Et si l’on généralisait la reconnaissance à tout le privé…
■ Hassan Sayarh, expert en enseignement supérieur, consultant-formateur: «Si l’on souhaite se focaliser sur la qualité, il faudrait permettre à des établissements reconnus d’exister, et à ceux non reconnus aussi d’exister, pour que nous puissions faire la différence. Si tout le monde est reconnu, le label ne procurera plus d’avantage et nous ne serions plus dans la qualité»
■ Mohamed Zaoudi, directeur de l’IGA: «A partir du moment où l’on a franchi ce pas de ne plus faire de différence entre le privé et le public grâce à la reconnaissance, cela ne peut être que bénéfique pour l’ensemble des parties prenantes. Par exemple, auparavant, l’Etat ratait des profils de l’enseignement privé en raison de cette contrainte de l’équivalence.
Je suis d’avis de généraliser la reconnaissance. Une école privée ne doit exister que si elle est reconnue par l’État. Autrement, il y aura toujours des étudiants piégés, parce qu’à la fin de leur parcours ils n’obtiendront pas de diplôme équivalent. Il faudrait pousser l’ensemble des acteurs à s’aligner sur les standards de la reconnaissance. Ou bien, carrément retirer cette notion pour tout le monde, et que le meilleur gagne!»

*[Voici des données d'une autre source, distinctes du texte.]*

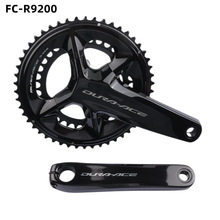 SHIMANO DURA-ACE R9200�����MR9200�PƬ���P��·܇���X�P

Une qualité réellement améliorée?

Avec un recul d’une décennie, la reconnaissance a-t-elle réellement permis de niveler le secteur par le haut? Les avis sont plutôt partagés. «Certainement un peu…, mais pas beaucoup, dans la mesure où la qualité n’était pas le leitmotiv de départ», pense Hassan Sayarh. Mohamed Zaoudi, directeur de l’IGA, pour sa part, reconnaît une amélioration de la qualité de l’offre en place. Pour lui, la reconnaissance a, également, permis d’écarter les «éléments perturbateurs» du secteur, ceux proposant un semblant de qualité, et s’adonnant à des publicités mensongères. «Le ministère a aussi facilité les choses, en publiant la liste des écoles accréditées et/ou reconnues par l’État», souligne-t-il. Et d’ajouter: «Cependant, en termes d’impact, nous sommes un peu déçus, puisque le privé n’accueille toujours que 5 à 6% des effectifs du supérieur, alors que l’objectif était d’atteindre 20%». Hind Moutawakkil, présidente de la Conférence des grandes écoles, quant à elle, estime que la reconnaissance de l’Etat a été un «tournant structurant et impactant» pour le secteur (Lire article). «Ce dispositif a permis d’introduire des standards de qualité, d’exigence académique et scientifique et de gouvernance qui ont rehaussé l’image et la crédibilité du privé au sein de l’écosystème national», assure-t-elle.